Few people would deny that being born into a developed capitalist country leaves one with many more opportunities to achieve financial and material success than into a poor country with weak and undeveloped political and economic institutions. Clearly, such success is partly down to individual effort, but also to the larger forces operating in the society in question. The billionaire investor Warren Buffet has said that he could not have made his fortune if he had been born and raised in a poor country, as the opportunities would simply not have been available. So the social, political and economic as well as technological environment matter hugely to individual success.

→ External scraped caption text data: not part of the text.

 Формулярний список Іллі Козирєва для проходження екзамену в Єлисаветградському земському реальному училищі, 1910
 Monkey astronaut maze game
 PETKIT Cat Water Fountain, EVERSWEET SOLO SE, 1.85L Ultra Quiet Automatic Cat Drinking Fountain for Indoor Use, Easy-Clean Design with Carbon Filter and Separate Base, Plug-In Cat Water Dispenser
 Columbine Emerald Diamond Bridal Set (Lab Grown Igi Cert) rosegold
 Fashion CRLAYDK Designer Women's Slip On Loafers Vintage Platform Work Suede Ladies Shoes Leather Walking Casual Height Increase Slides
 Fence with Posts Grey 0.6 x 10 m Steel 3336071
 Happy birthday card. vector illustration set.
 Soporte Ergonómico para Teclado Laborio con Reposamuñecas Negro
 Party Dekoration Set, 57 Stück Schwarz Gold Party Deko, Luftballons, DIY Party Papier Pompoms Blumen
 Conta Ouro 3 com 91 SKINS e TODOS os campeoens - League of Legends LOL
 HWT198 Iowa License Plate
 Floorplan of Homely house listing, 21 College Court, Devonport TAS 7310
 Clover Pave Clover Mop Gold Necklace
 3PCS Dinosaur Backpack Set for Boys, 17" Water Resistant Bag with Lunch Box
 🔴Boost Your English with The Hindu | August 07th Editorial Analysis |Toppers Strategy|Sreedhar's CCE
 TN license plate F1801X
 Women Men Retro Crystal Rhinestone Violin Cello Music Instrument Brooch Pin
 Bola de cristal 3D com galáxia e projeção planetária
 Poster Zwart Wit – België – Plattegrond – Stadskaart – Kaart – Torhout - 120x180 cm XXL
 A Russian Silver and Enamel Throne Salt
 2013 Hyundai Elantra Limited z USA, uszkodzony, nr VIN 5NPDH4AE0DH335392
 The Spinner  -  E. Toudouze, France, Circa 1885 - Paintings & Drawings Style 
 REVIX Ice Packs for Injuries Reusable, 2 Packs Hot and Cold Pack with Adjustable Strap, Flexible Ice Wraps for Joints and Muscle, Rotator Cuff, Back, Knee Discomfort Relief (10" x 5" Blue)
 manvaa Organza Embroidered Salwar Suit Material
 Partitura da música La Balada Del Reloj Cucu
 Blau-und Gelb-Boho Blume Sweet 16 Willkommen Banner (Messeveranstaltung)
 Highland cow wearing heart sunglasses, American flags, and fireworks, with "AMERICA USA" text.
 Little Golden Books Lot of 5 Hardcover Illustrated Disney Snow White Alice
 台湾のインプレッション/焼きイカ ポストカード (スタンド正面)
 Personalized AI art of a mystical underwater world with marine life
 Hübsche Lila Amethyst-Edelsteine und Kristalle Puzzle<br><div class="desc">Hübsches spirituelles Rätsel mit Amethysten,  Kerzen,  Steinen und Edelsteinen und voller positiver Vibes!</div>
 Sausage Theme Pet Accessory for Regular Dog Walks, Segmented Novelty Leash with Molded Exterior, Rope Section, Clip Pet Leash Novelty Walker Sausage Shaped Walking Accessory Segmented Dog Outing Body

As another example of how the timeliness of action also matters, even in a developed country, there are more chances to make money in the midst of an economic boom than in a recession. An investor who buys a financial asset at the bottom of a cycle can then potentially ride the wave of price inflation if and when it occurs and benefit accordingly, whether in housing, equities, bonds or whatever. After the event, when a small or large fortune has been made, the individual may then feel rather pleased with herself, and be tempted to draw the conclusion that her intelligence were the cause of this success, rather than her simply being in the right place at the right time. Of course, some individual wisdom may have led her to observe or make an intelligent guess that a low point in the particular financial market had been reached, and that it was a propitious time to buy. This would be a good example of a combination of the individual and the environment combining to produce success on some level. But there must be plenty of financial traders who have made huge fortunes during an asset boom and believing that it was all down to individual intelligence and effort, when in fact the boom was the dominant factor in the success. Conversely, those who make huge losses when a crash comes might believe that they had made some huge blunder when the larger forces of the financial cycle have played a larger role. Inevitably, all success comes down to some combination of individual and environmental forces, with one or the other being the stronger determinant of the outcome, be it successful or not.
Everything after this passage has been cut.